# Tibial/fibular joint fixation help



## mindyanna (Jul 14, 2011)

I need assistance on the following operative report.  The physician wants to use code 27871 but I don't think his description of what he did fits that code.  Here is that portion of the operative report:

"Attention was then given to the distal tibial/fibular joint.  A 1.5-mm wire was inserted on the distal fibula and driven through the distal fibula and across the distal tibia and out the anteromedial surface of the distal tibia.  The wire was withdrawn on the medial side until the lateral portion of the wire was flush with the lateral cortex of the distal fibula.  At this point a small stab incision was created anteromedially and the wire was measured, over-drilled, and a 4.5-mm cortical screw was inserted through the distal tibia, into the distal fibula, completing the distal tibial/fibular joint fixation.  This wound was closed with 3-0 Vicryl and 4-0 Monocryl."

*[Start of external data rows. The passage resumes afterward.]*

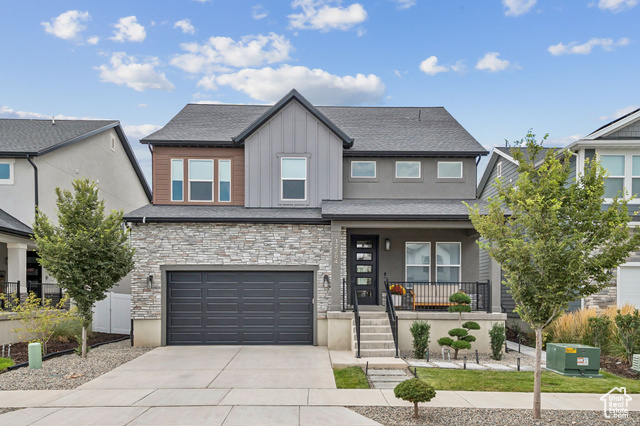 12284 S XANDER LN, Herriman UT 84096
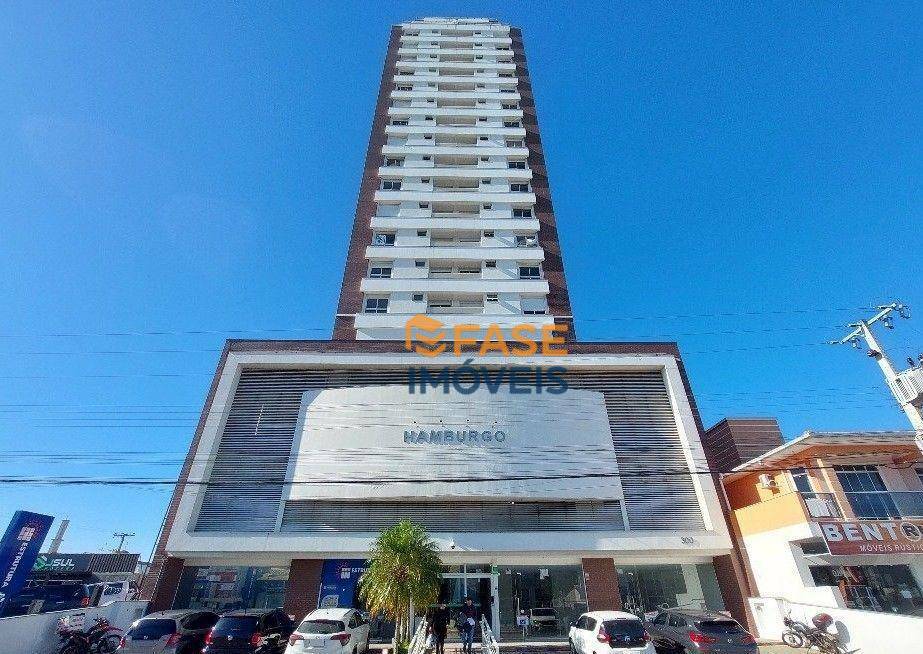 Apartamento à venda com 2 quartos, 83m² - Foto 1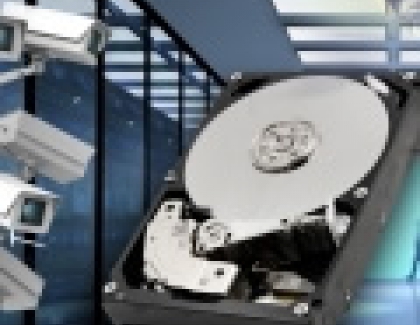 Toshiba Offers New 10TB Surveillance Hard Disk Drive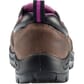A7165 Avenger Women's Foreman EH CT PR Safety Shoes - Brown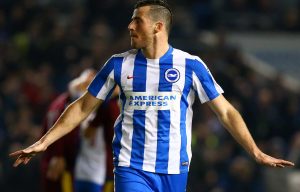 Brighton 1 Ipswich 1: Tomer Hemed hits sixth goal in five league games as Seagulls stay 2nd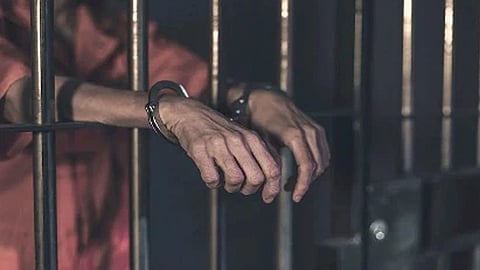 Two Indian men were  arrested   for robbery and assault in singapore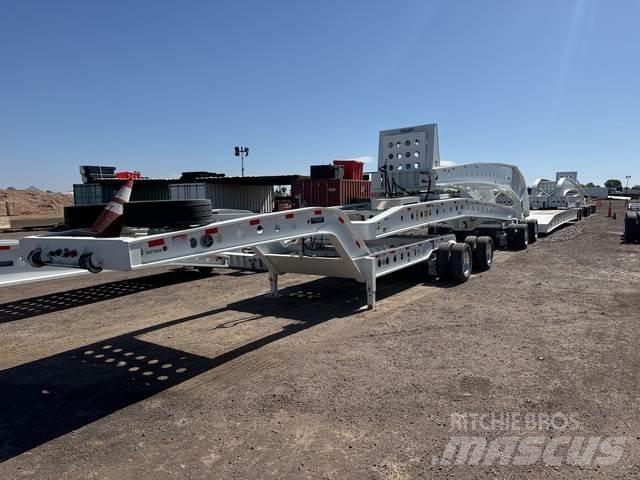 Cozad 10/Axle Lavetit
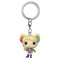 Funko Keychain Harley Quinn Caution Tape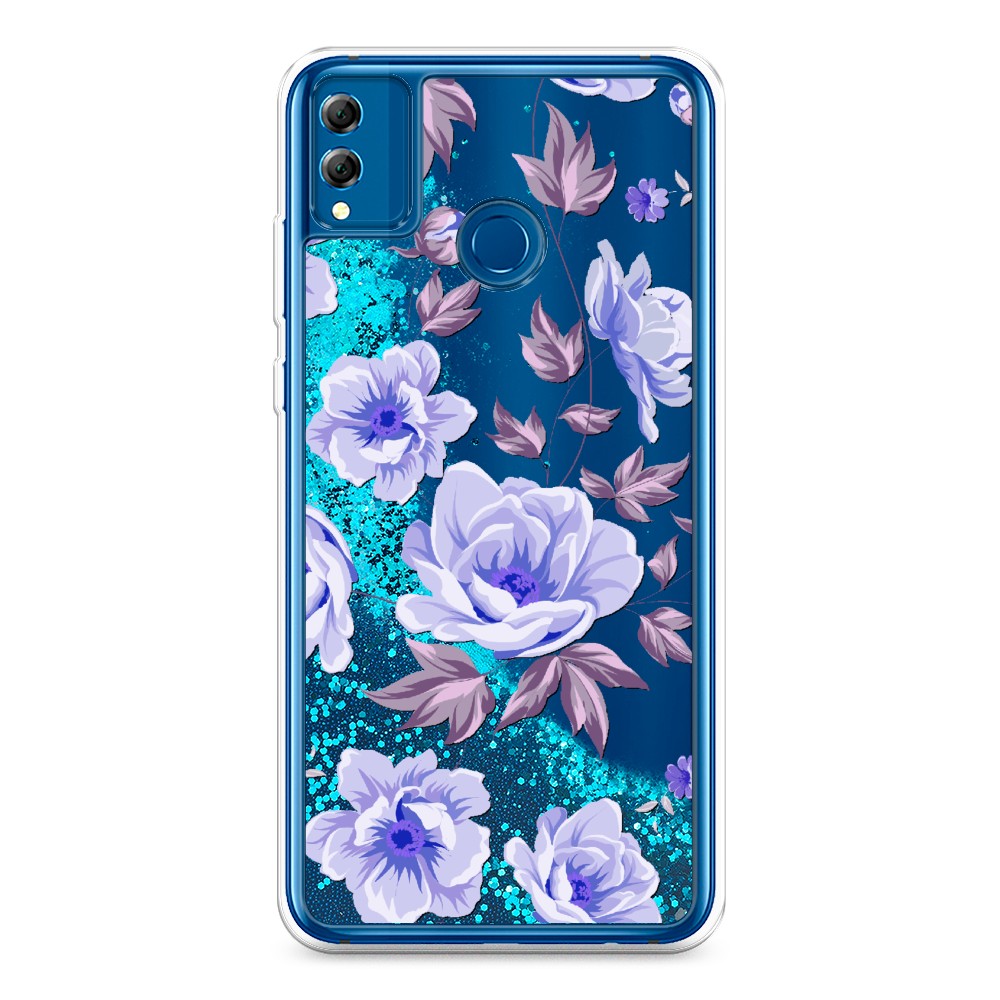 

Чехол Awog на Honor 8X "Цветочная фантазия 1", Разноцветный, 66793-1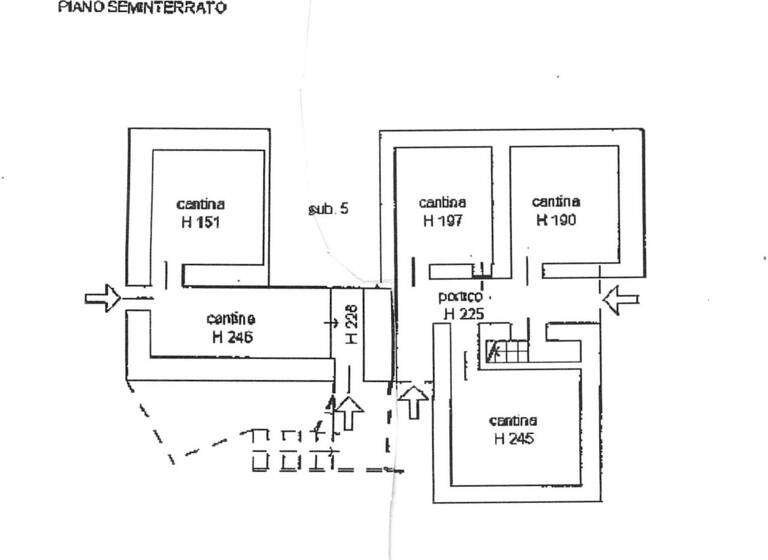Rustico zum Kauf 200.000 € 6 Zimmer 207 m² 300 m² Grundstück Valle Cannobina Falmenta 
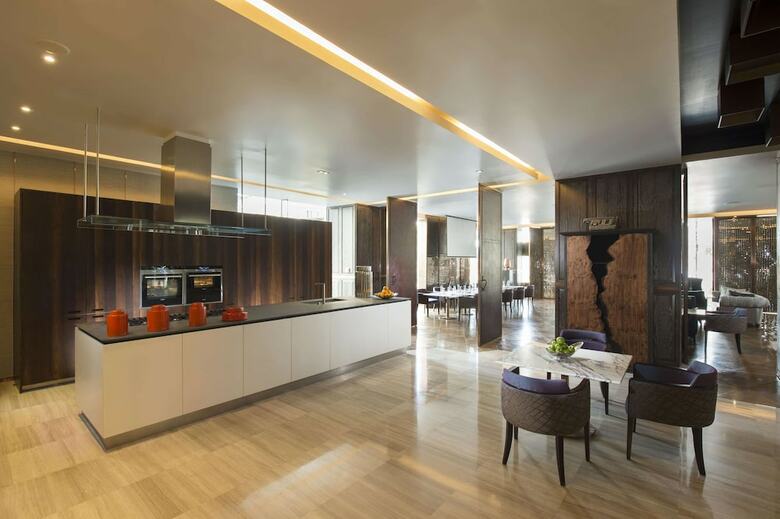 Hotel Hilton Sukhumvit Bangkok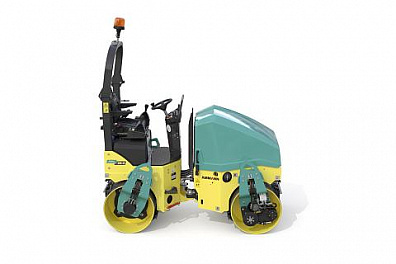 Каток двухвальцовый AMMANN ARX26-2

In looking at the description of code 27871 in the Coders Desk Reference (it's the only book I have) it seems there is a lot more involved when doing a fusion.  He is just temporarily fusing the bones together.  What do you think?  Would code 27829 better fit to what he did?  

I would greatly appreciate anyone's insight and suggestions.

Thanks


----------



## PLAIDMAN (Jul 14, 2011)

What was the dx?  Why is he doing the surgery?

I don't think you can "temporarily" fuse.  Based on what you wrote it does not sound like an arthrodesis.


----------



## mindyanna (Jul 15, 2011)

PLAIDMAN said:


> What was the dx?  Why is he doing the surgery?
> 
> I don't think you can "temporarily" fuse.  Based on what you wrote it does not sound like an arthrodesis.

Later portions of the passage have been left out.